Can I ingest from an email server or a given email to Foundry?

I have some email inbox that I would like to ingest in Foundry, so that my users can send attachment to process in a pipeline.

Is there a way to ingest emails e.g. by monitoring and ingesting the content of an email inbox, in Foundry ?

As of 4/30/24 there is no email connector. Your best bet is to use external transforms with python to hit your mail server API, or to save the emails into an S3 bucket (or similar) and ingest them from there into Foundry.

As a workaround we are using AWS SES → S3 → Foundry

If you are connecting to outlook you can use the Microsoft Graph API via a REST source in Foundry to connect.

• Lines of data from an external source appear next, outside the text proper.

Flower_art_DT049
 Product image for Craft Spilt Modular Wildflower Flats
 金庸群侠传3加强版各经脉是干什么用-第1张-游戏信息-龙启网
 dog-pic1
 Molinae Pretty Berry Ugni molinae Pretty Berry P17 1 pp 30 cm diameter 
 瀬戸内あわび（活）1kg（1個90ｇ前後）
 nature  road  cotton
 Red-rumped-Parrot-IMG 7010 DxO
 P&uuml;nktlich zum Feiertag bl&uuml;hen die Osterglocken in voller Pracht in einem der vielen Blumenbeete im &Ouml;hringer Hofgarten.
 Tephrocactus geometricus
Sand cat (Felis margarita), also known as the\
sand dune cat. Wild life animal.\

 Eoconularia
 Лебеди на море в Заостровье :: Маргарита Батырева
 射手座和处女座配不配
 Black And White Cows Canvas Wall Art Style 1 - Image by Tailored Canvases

There is also an available connector for Gmail.

As a reply to myself, here is a specific example with Exchange for instance:
https://community.palantir.com/t/ms-exchange-online-to-foundry/386/3

You are probably going to want some intermediary service. Yes, you could use the GMail JDBC driver, but that won’t work for all email providers, and I don’t think it is straightforward to understand.

I built a PoC of an email streaming pipeline using EmailEngine (https://github.com/postalsys/emailengine) as a data source.

If you have seen Nylas (https://www.nylas.com/) before, this service is similar but self-hostable and more barebones. EmailEngine can hook into an email client (Gmail, Outlook, etc.) in an OAuth fashion, and you can configure it to send webhooks to a service of your choosing (in this case, Foundry) based on inbox conditions, like receiving a new message.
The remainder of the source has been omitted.